• Exercise requirements: Down to the last line, transcribe the records verbatim and exclude the images.

• Records for this exercise:

=-=-=-=-=

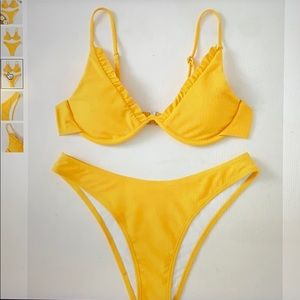 Shein Medium “Full trim cheeky bikini swimsuit”
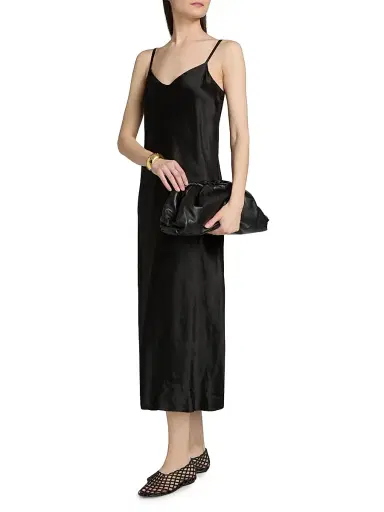Vince Women's Satin V-Neck Slip Midi-Dress | Thumbnail 4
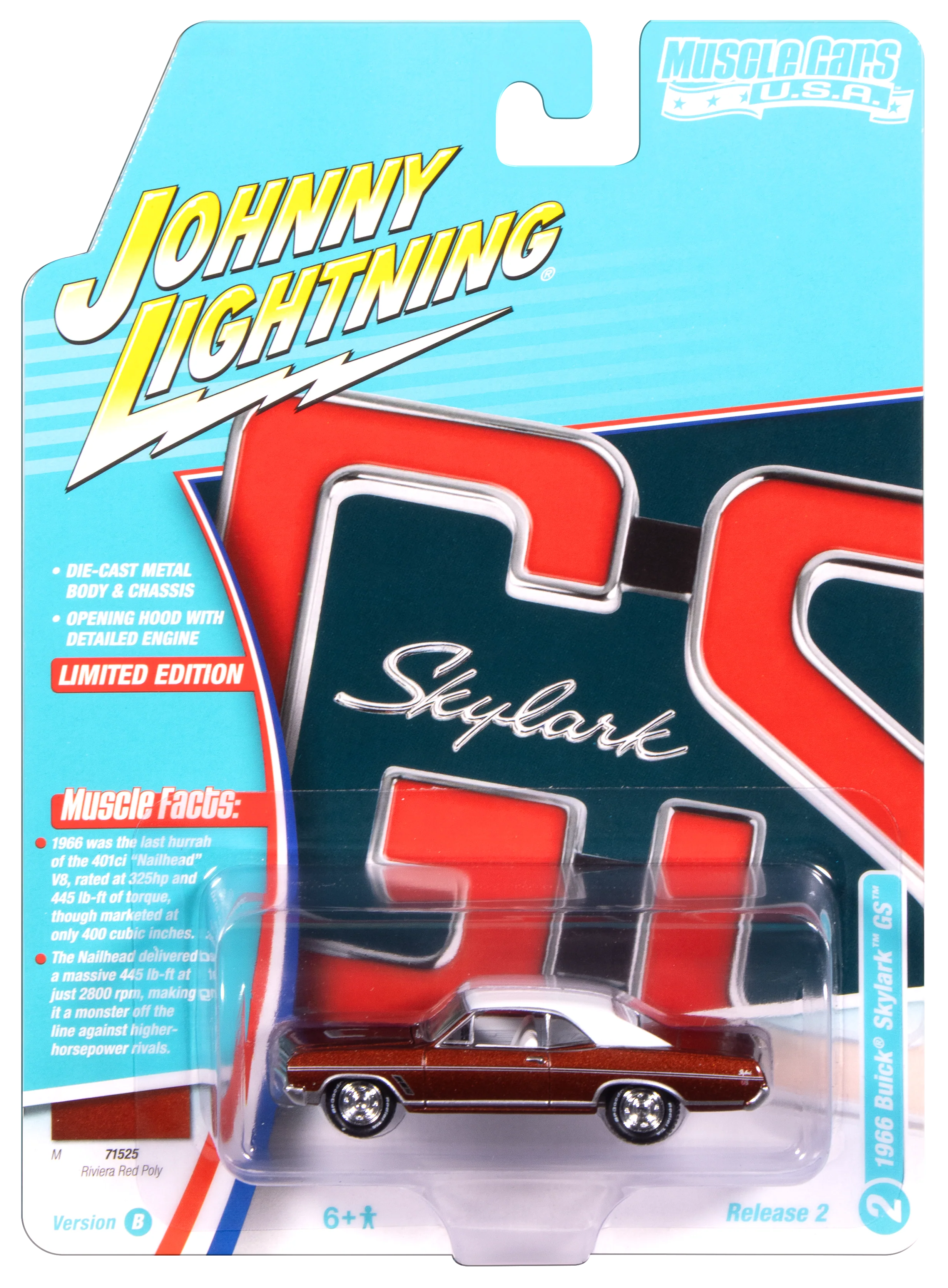 Johnny Lightning Muscle Cars 1966 Buick Skylark GS (Riviera Red Poly) 1:64 Scale Diecast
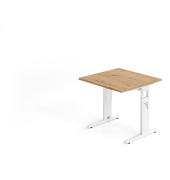 Schreibtisch VOS, manuell h&ouml;henverstellbar, 85cm (H), 80x80cm (BxT), asteiche / wei&szlig;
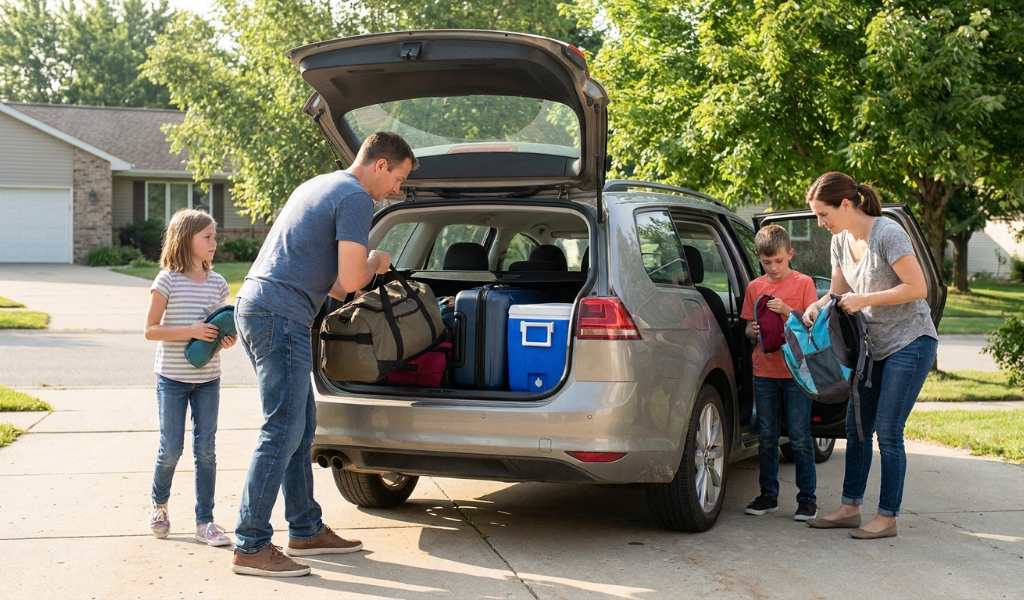 Cargo net securing luggage inside a car trunk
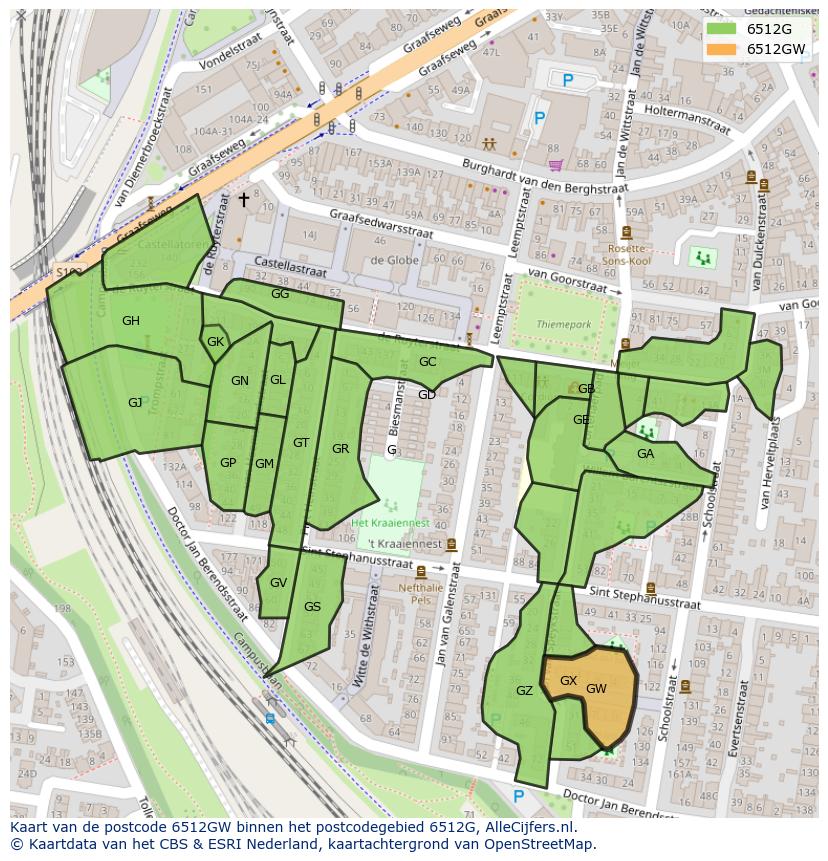 Afbeelding van het postcodegebied 6512 GW op de kaart.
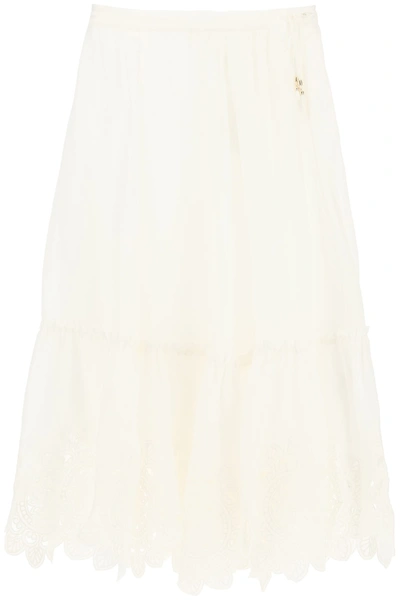 Shop Zimmermann Teddy Skirt In Ivory (white)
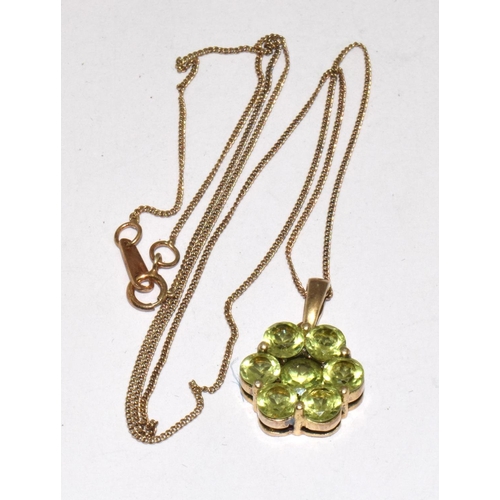 270 - 925 Silver Gilt Peridot Flower Necklace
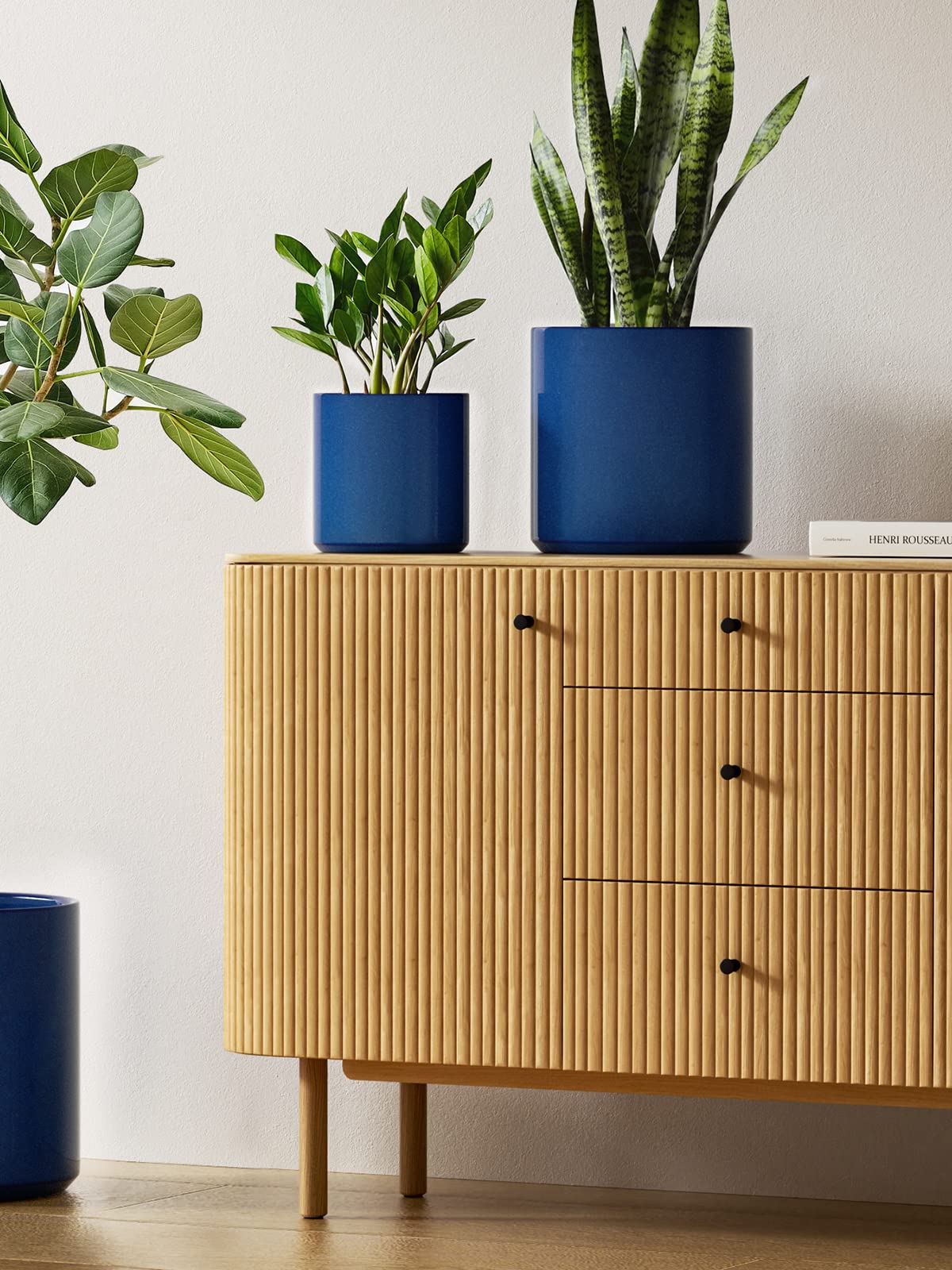 LE TAUCI Ceramic Planters Set of 3 | Mid-Century Indoor Pots with Drainage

=-=-=-=-=

• Result:
 Shein Medium “Full trim cheeky bikini swimsuit”
Vince Women's Satin V-Neck Slip Midi-Dress | Thumbnail 4
 Johnny Lightning Muscle Cars 1966 Buick Skylark GS (Riviera Red Poly) 1:64 Scale Diecast
 Schreibtisch VOS, manuell h&ouml;henverstellbar, 85cm (H), 80x80cm (BxT), asteiche / wei&szlig;
 Cargo net securing luggage inside a car trunk
 Afbeelding van het postcodegebied 6512 GW op de kaart.
 Shop Zimmermann Teddy Skirt In Ivory (white)
 270 - 925 Silver Gilt Peridot Flower Necklace
 LE TAUCI Ceramic Planters Set of 3 | Mid-Century Indoor Pots with Drainage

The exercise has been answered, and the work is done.